JSM 2016 Online Program

Activity Number:	248
Type:	Contributed
Date/Time:	Monday, August 1, 2016 : 2:00 PM to 3:50 PM
Sponsor:	Section on Statistical Learning and Data Science
Abstract #319679	View Presentation
Title:	Selecting the Number of Topics in a Latent Dirichlet Allocation Topic Model
Author(s):	Dale Bowman*
Companies:	University of Memphis
Keywords:	exchangeability ; topic models ; LDA ; perplexity ; goodness of fit
Abstract:	Topic modeling is a useful tool for examining latent structures in a corpus of documents. Latent Dirichlet Allocation (LDA) is a popular topic modeling method that assumes a Bayesian generative model for collections of exchangeable binary observations such as the presence or absence of words within a document. The degree to which an LDA model is useful for modeling a corpus depends, in part, on the number of topics selected. Too few topics can result in an LDA model that does not provide sufficient separation of topics and too many topics can result in a model that is overly complex and difficult to interpret.
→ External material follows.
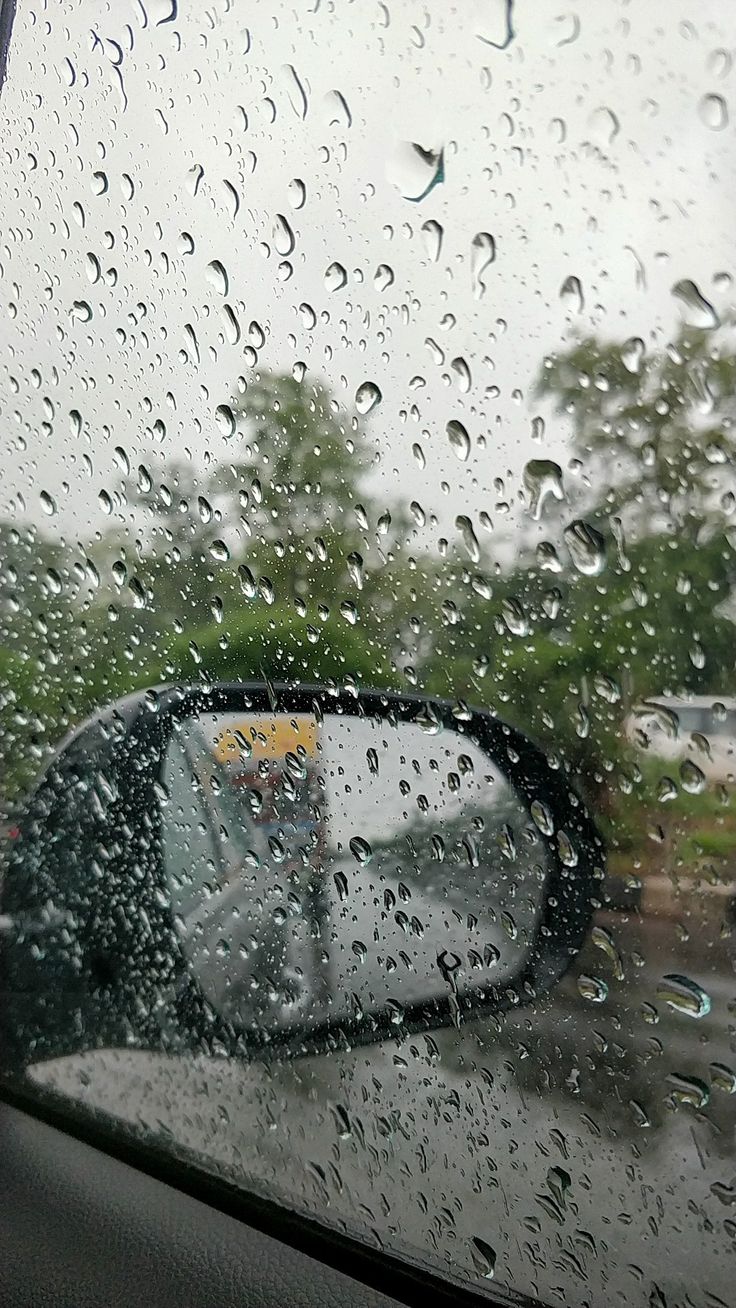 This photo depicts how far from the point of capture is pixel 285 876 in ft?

Several ad hoc, heuristic methods for selecting the proper number of topics have been proposed. These typically require that the LDA model be fit over a varying number of topics and the performance of the resulting model be measured by some criteria such as perplexity, rate of perplexity change, and goodness of fit statistics.

Authors who are presenting talks have a * after their name.